# TRY IT:
Give back the exact lines of the material below from the one containing "Acrylic Women Girls" through the one containing "Suggestive Hentai Anime", and no pictures.
** DATA follows **
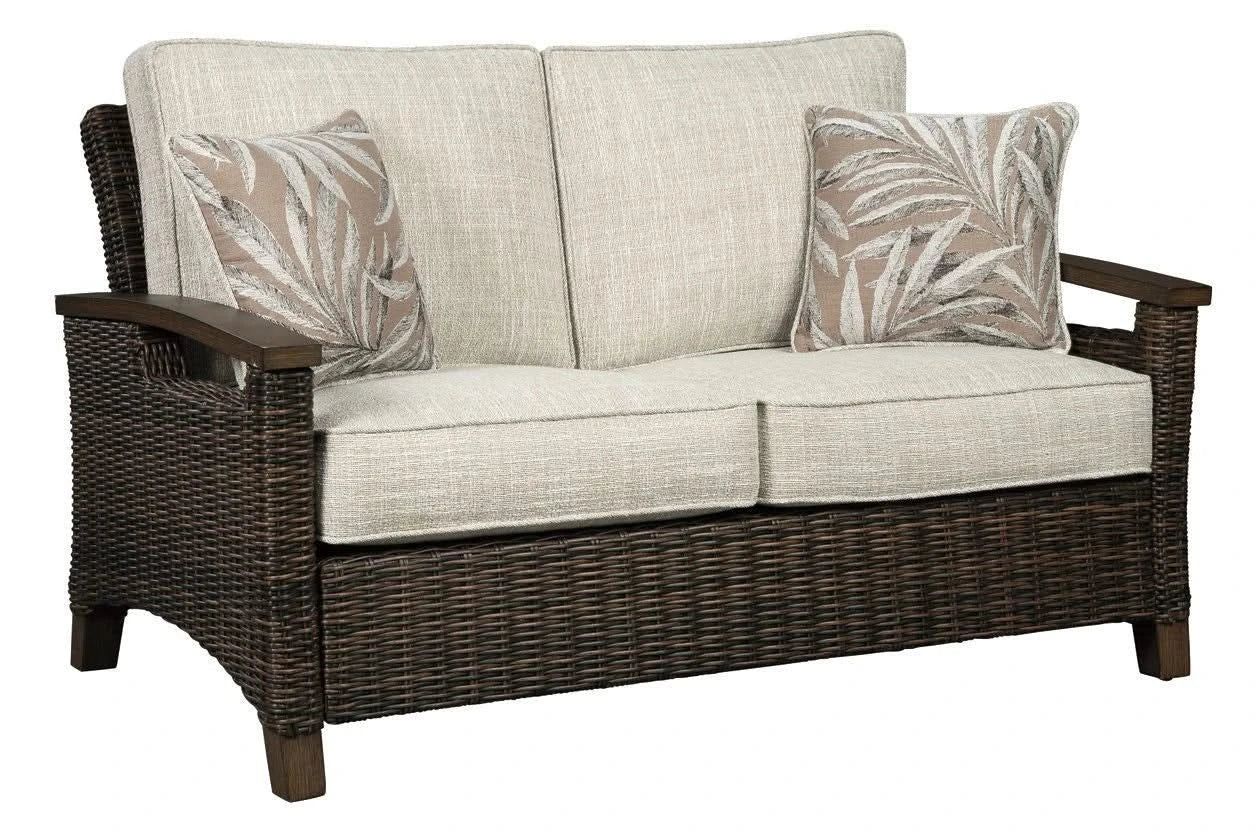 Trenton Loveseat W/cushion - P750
** End of DATA **
** DATA follows **
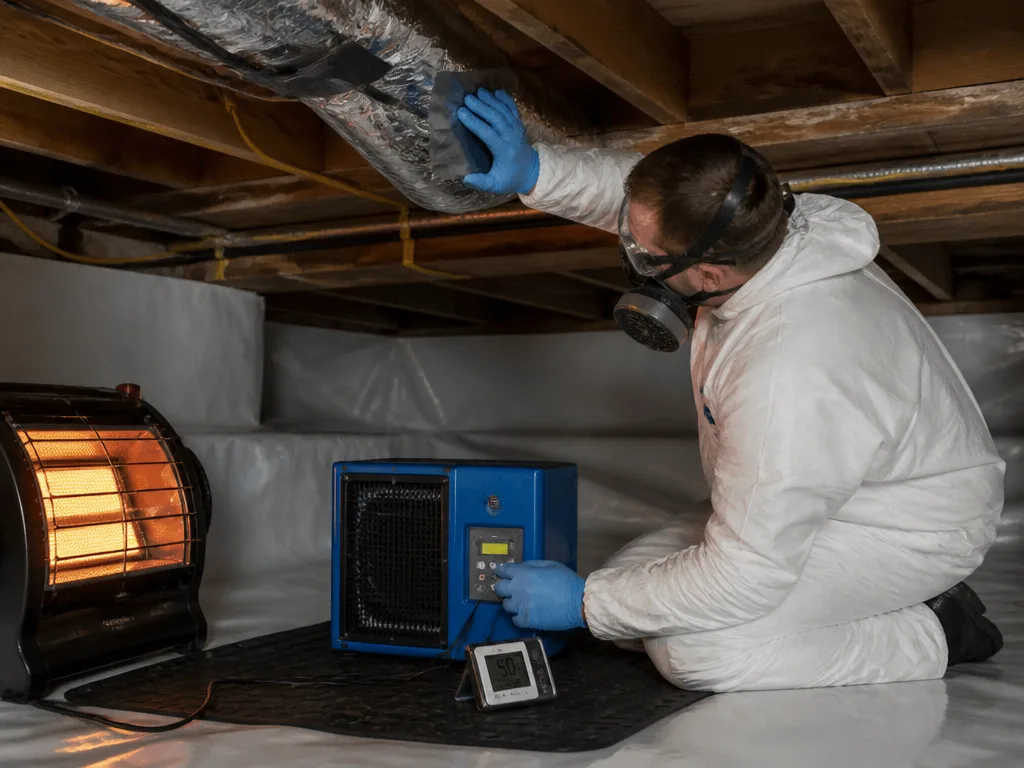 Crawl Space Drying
** End of DATA **
** DATA follows **
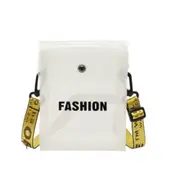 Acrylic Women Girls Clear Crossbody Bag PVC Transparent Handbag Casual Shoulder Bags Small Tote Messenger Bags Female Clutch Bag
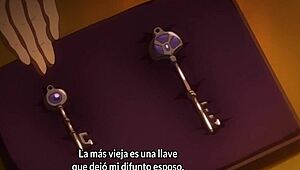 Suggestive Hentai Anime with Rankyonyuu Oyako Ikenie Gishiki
** End of DATA **
# TASK ANSWER:
 Acrylic Women Girls Clear Crossbody Bag PVC Transparent Handbag Casual Shoulder Bags Small Tote Messenger Bags Female Clutch Bag
 Suggestive Hentai Anime with Rankyonyuu Oyako Ikenie Gishiki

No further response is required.